In a fixed-effect model, individual-specific effects are treated as fixed constants. These individual-specific effects are time-invariant and capture unobservable characteristics that differ across entities but remain constant over time.

We will perform the fixed effect model manually and use the built-in STATA command to better understand. Note: It is not recommended to use the manual method of the fixed effect model. We have done manual method in this article to provide an understanding of the fixed effect model. Buildin Stata command is recommended as it is easy to use and saves time.

Manual Method of Fixed Effect Model

We discussed in our previous article that the fixed effect model contains dummies of different cross sections. In this dataset, these cross sections are represented by variable idcode (unique id of the individual). So, we will create the dummy for each id or idcode. For that, we will use the tabulate to generate the dummies of idcode. The command is given below:

tabulate idcode, generate(dummy)

tabulate is the command, and idcode is the variable name. generate in the above command will create multiple dummies. This command will generate 71 dummy variables because our sample includes 71 unique ids or individual data. Use the below command to know how many cross-sections we have in our dataset of 500 observations.

unique idcode

Then we will run the below command to get fixed effect model results:

regress ln_wage hours ttl_exp dummy1-dummy71

regress is the command, ln_wage is the dependent variable, hours and ttl_exp are the independent variable, and dummy1-dummy71 are the 71 dummies we have created for each individual or idcode. The results are given below:

The dummy 29 is removed because if we have 71 dummies, we need to include 70, not all 71 dummies, within the model. As we include all 71 dummies, so STATA omitted itself. To overcome this issue, instead of adding all the dummies from dummy1-dummy71, we will exclude dummy1 from the model, as shown below. Note: this will not affect the results.

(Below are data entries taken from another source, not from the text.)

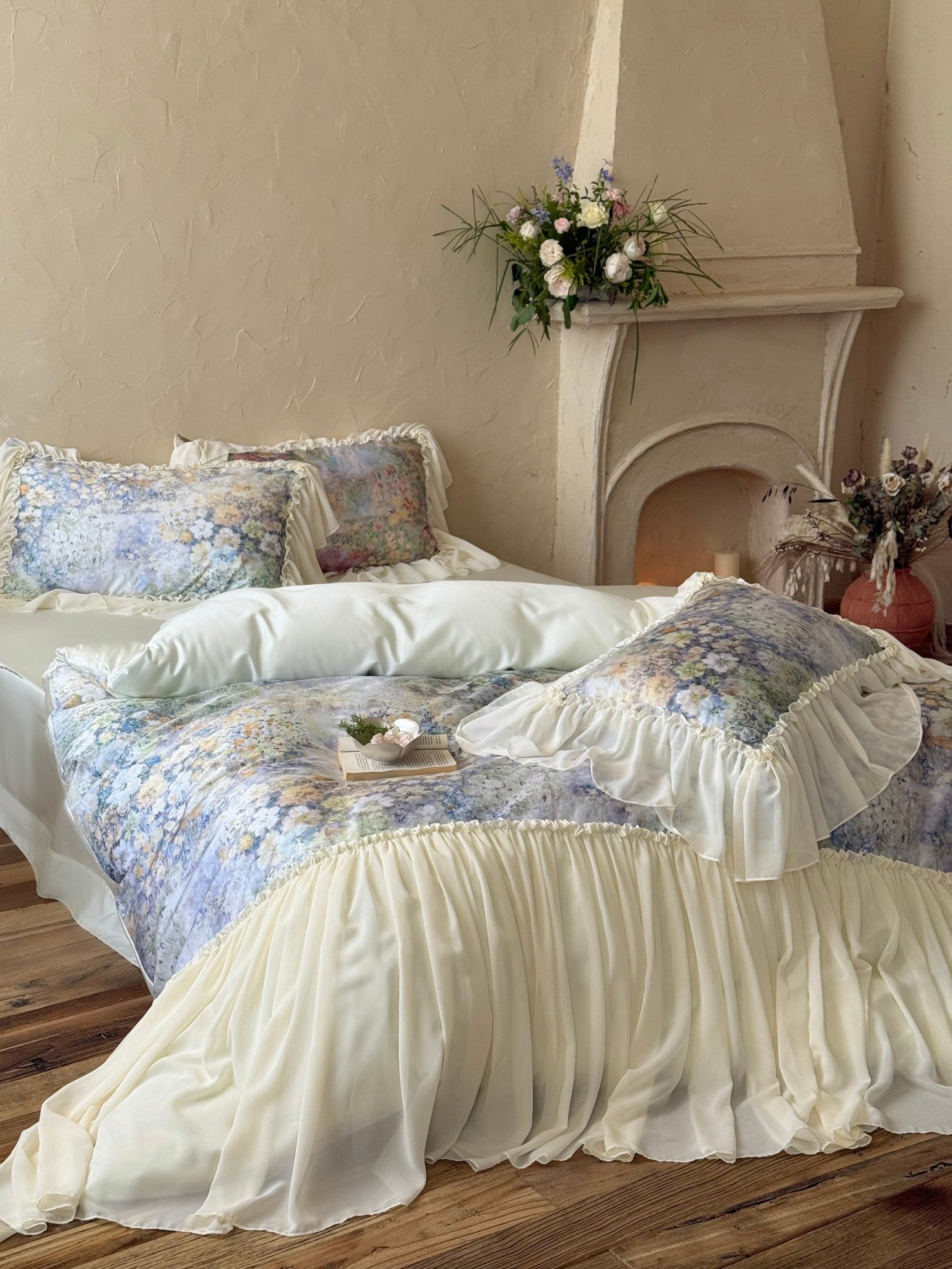 Meadow Whisper Ruffle Bedding Set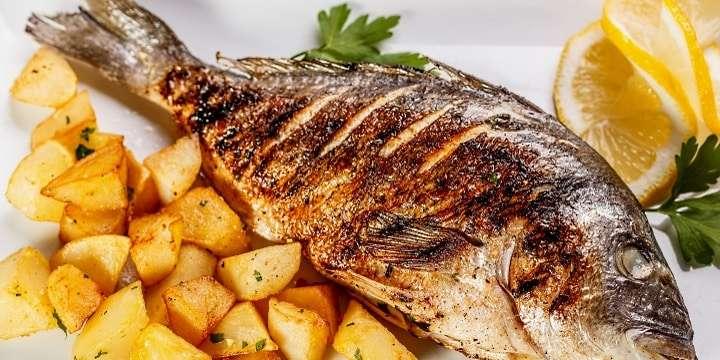 Medelhavskänsla! Grillad hel fisk och ett ljuvligt vitt vin
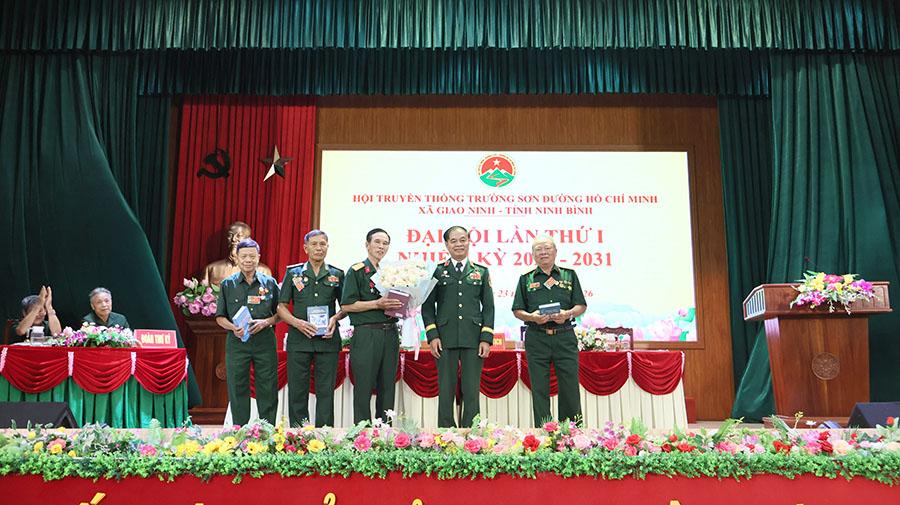a-hoi-ts-14-1776996669-967909.jpg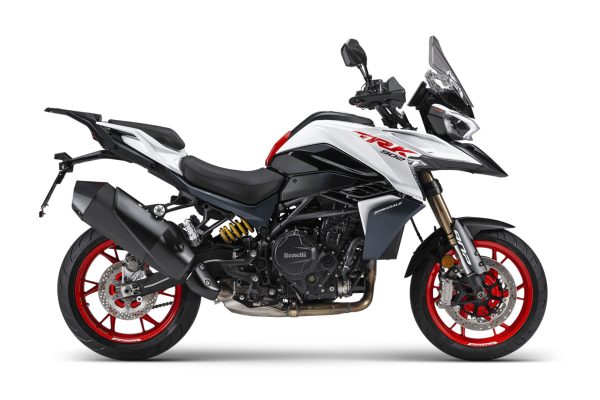 Benelli TRK 902 Stradale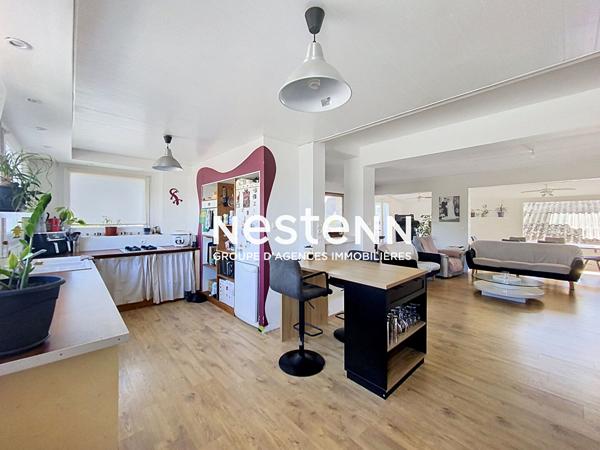 Maison - Appartement de 166m² avec grenier aménageable et parking privé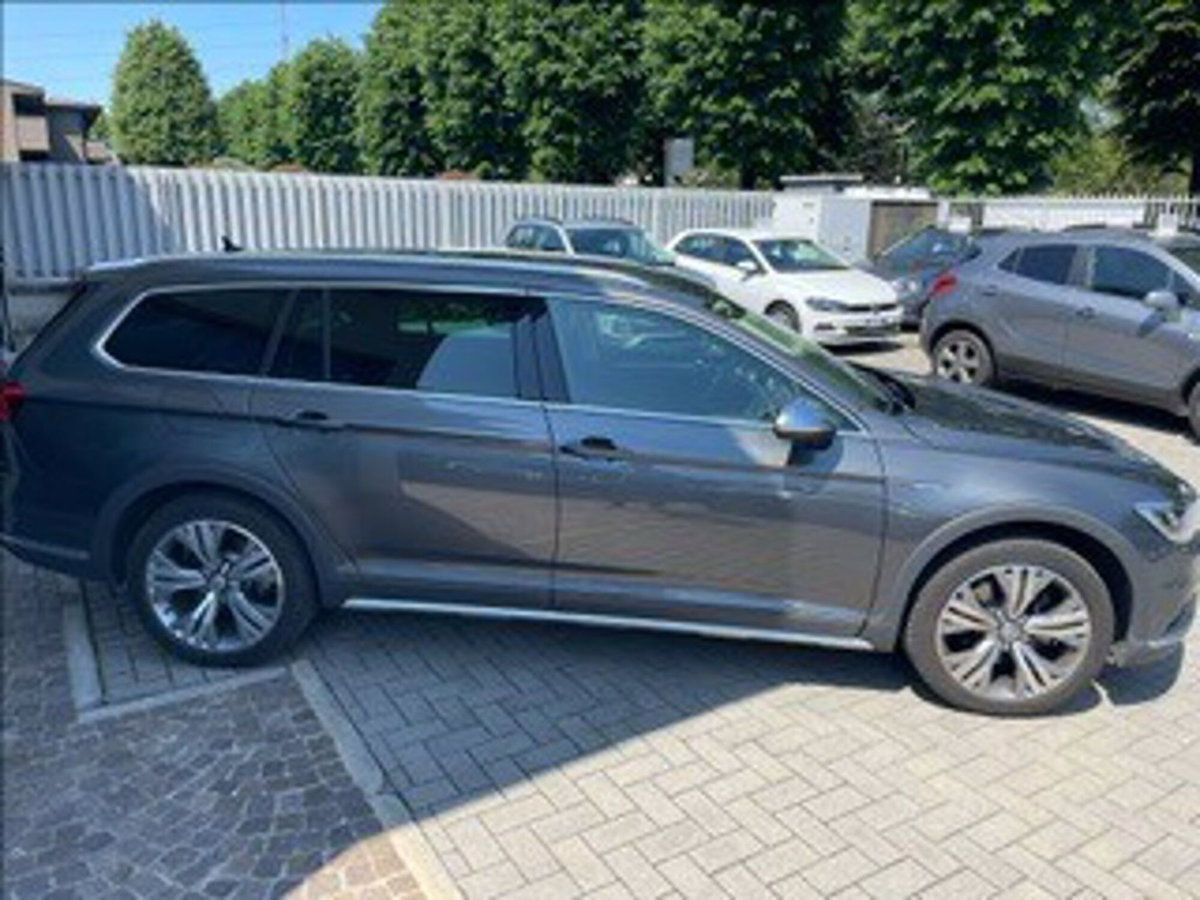Volkswagen Passat Variant Alltrack 2.0 TDI 190 CV 4MOTION DSG BMT (4)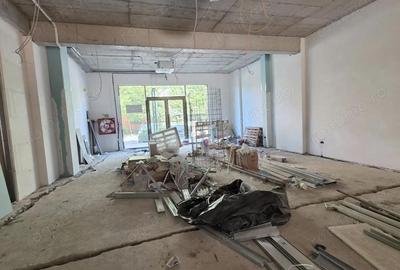 Spațiu comercial, de 160 mp, în Central - 4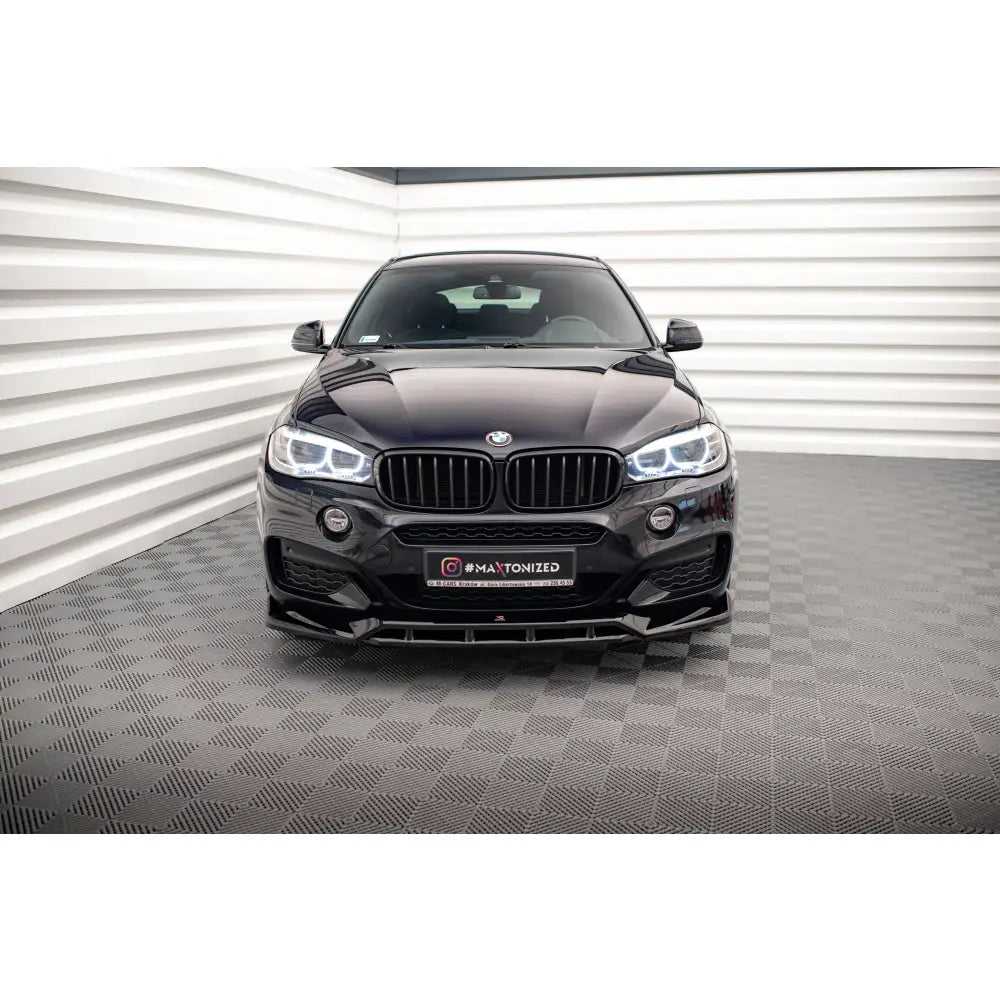 Spoiler til BMW X6 F16 M-Pack V3 sett forfra med LED-frontlykter og sportslig støtfanger.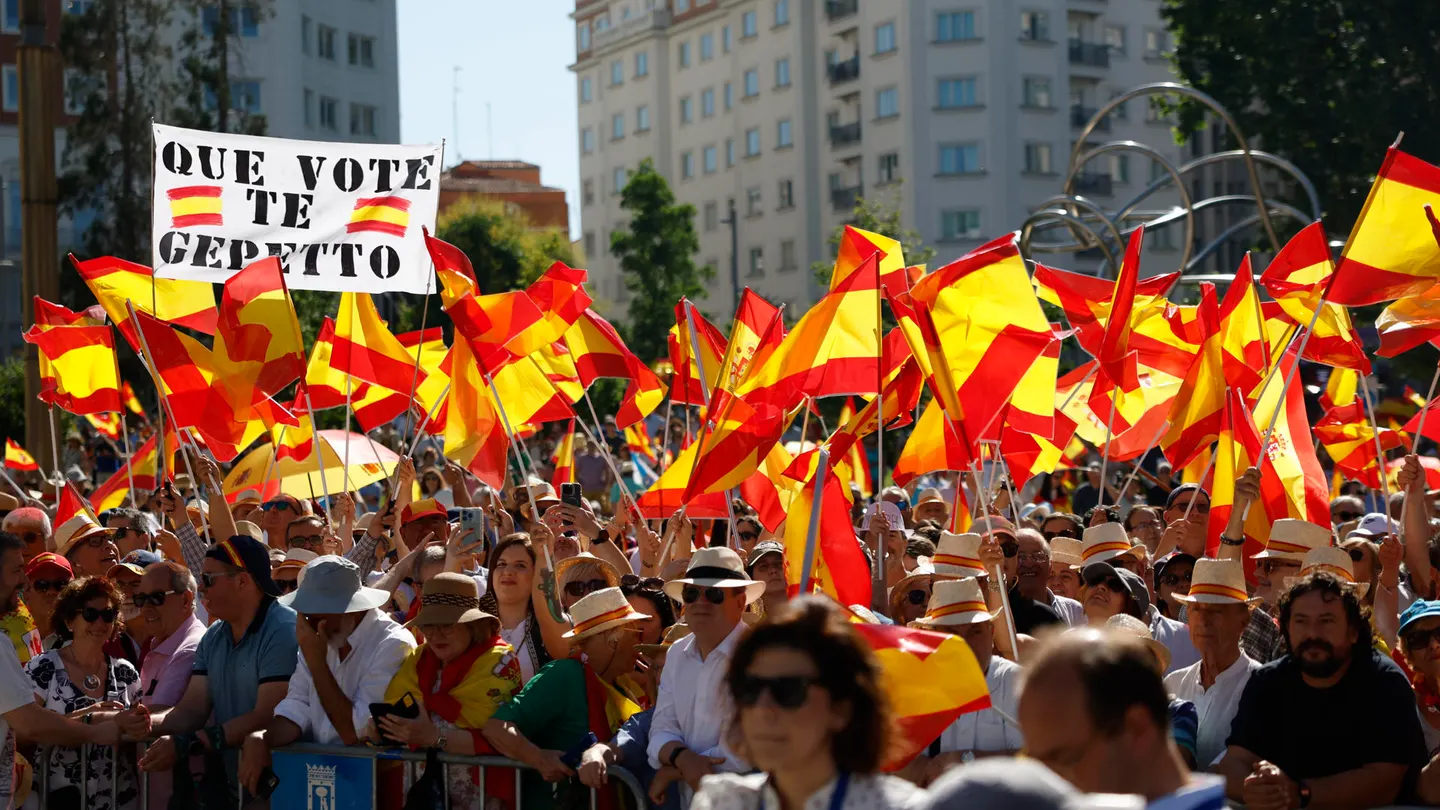 Protesta en Madrid contra el Gobierno convocada por el PP. Protesta en Madrid contra el Gobierno convocada por el PP.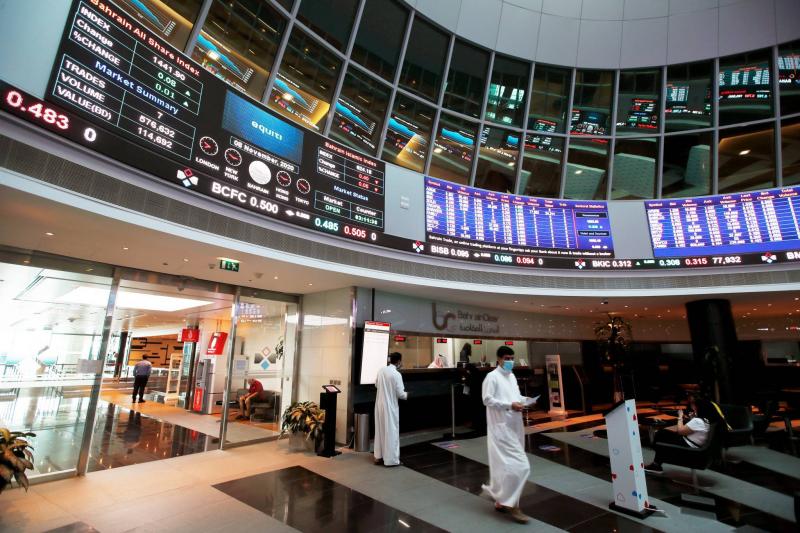 UAE Stocks Decline Amid Falling Oil Prices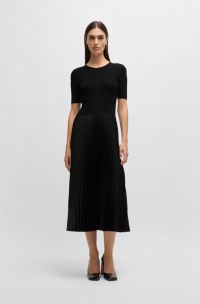Robe en mélange de matières avec jupe plissée, Noir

regress ln_wage hours ttl_exp dummy2-dummy71

According to the above findings, the p-value of both hour and ttl_exp is below 0.05, indicating that both significantly influence the dependent variable ln_wage. The R square value of the model is 0.7051. According to this value, there is a 70.51% variation in the dependent variable due to the independent variables, while the remaining variation is due to some external factors.

Another method to perform the above test is using the “i” and the idcode. This “i” will tell Stata that idcode is a categorical variable, and we want to see the impact of all these categories individually. This method will not generate a dummy but will provide similar results.

Now we will use built-in the Stata command xtreg. Before using the xtreg command, we must tell Stata that our data is the panel. This can be done by using the below command:

xtset idcode year

xtset is the command, idcode is the cross-section variable, and year is the time series variable.

The data is unbalanced, which means that data is missing for time periods due to various factors. Sometimes, the cross-section variable is in string format, so in that case, it is a must that this cross-section data should be converted into numerical using the encode command. The command for the fixed effect model is given below:

xtreg ln_wage hours ttl_exp,fe

xtreg is the command, ln_wage is the dependent variable, and hours and ttl_exp are the independent variables. The fe after the comma is the function that represents the model we want to use is the fixed effect model.

According to the above findings, the p-value of both hour and ttl_exp is below 0.05, indicating that both significantly influence the dependent variable ln_wage. The results remained the same as the manual method of the fixed effect model.

Remember, in the last article, we discussed that fixed effect could not be used with a time-invariant variable, so if we include the time-invariant variable in our model like below. It will omit that variable from the model. In the below command, “race” is a time-invariant variable.

xtreg ln_wage hours ttl_exp i.race,fe

We can include year fixed effect in our model by using the below command:

xtreg ln_wage hours ttl_exp i.year,fe

Random Effect Model

In a random-effects model, individual-specific effects are considered random variables. These random effects are assumed to be uncorrelated with the independent variables, making them uncorrelated with the error term. For the random effect model, we use the same fixed effect model command; the only difference is we will replace the fe function with the re function. re tells that we want to use a random effect model.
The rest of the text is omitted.